Not sure which service you need? Let us help you decide.
Supported contact helps to keep children in touch with parents if trust has broken down or communication is difficult. Parents do not have to meet and several families use the facilities at the same time.
This is a form of contact where the level of risk is assessed to be lower than might be the case for supervised contact. It is also used as a way to progress from supervised contact.
In supported contact, direct observations are not made and reports are not written. Staff or volunteers will be present to ensure the comfort of those engaging in the service.
Is there a potential risk of harm? The centre ensures the physical safety and emotional well-being of children in a one-to-one observed setting.

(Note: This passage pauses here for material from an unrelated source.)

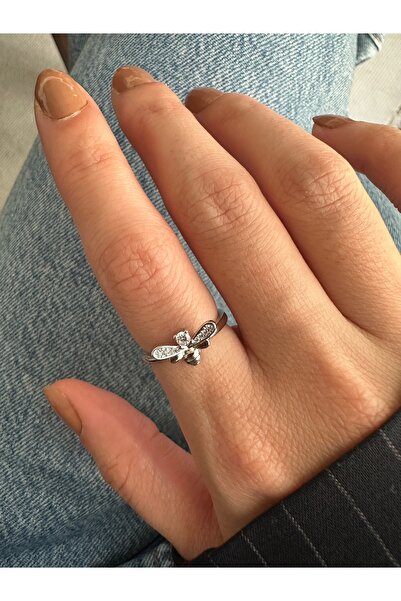 ringbox Silver Color Bee Ring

This form of contact is provided where it is assessed that there might be a higher risk or greater complexity in a families circumstance. These sessions will be supervised by staff who are experienced in this role.
Observations will be made, and reports will be written. It is generally expected that staff will remain within sight and sound of children at all times.
The centre is used for a short period as a drop off / pick up point. Again, parents do not have to meet.
This is a service offered by some contact centres, in order to support a child moving from one parent to another. Contact will often take place away from a centre with no professional involvement.
Handovers can often be used as a way to progress from supported or supervised contact. Depending on your circumstances, its possible that a mutually trusted person could help with this.
This is a form of contact that takes place online, using video messaging software like Teams or Skype. Virtual contact can be either supervised or supported.
Preparatory sessions / assessment
These can be used to identify the issues that have prevented contact from starting, caused it to break down, or made it unworkable. The focus here will usually be around making recommendations to rebuild relationships.
Preparatory work is a service offered (mostly) by supervised contact centres. This can be offered to adults or children. The aim of this is to prepare people for contact, what it will be like and what emotions they might experience.
Preparatory work can be most effective where people are very anxious or where they have been separated with no or little contact for long periods of time.
Indirect contact takes place at supervised centres and is used where direct contact is either unsafe, unworkable and or not in the child’s best interests.
This term is a generic term for a wide variety of activities that might be considered contact. These activities can include sending letters or cards (sometimes called “letterbox contact”) or sending gifts.
In this scenario, the role of a professional is often to support this process by ensuring that the gifts are appropriate, and letters do not contain inappropriate messages prior to forwarding these to the child.
This service can be helpful where one parent cannot know the home address of the child.
This is a contact service offered by Supervised Centres. Sometimes this will have varying other names, “escorted contact” is one example. Community contact takes place in locations like restaurants, shopping centres, cinemas or soft play centres for example.
This type of contact is not available at all centres and is not appropriate for all families.
Life story / identity contact
Life Story work is the process of helping children to understand and make sense of their lives. This service is often offered to children living in care, although it can be used for other purposes. The aim of such a service is to help them understand the things that have happened in their lives and therefore to support children to develop a sense of identity and therefore, to reduce emotional distress. Life story often concludes with a product for children to keep and treasure, this might include a book, DVD, treasure box, or various other things.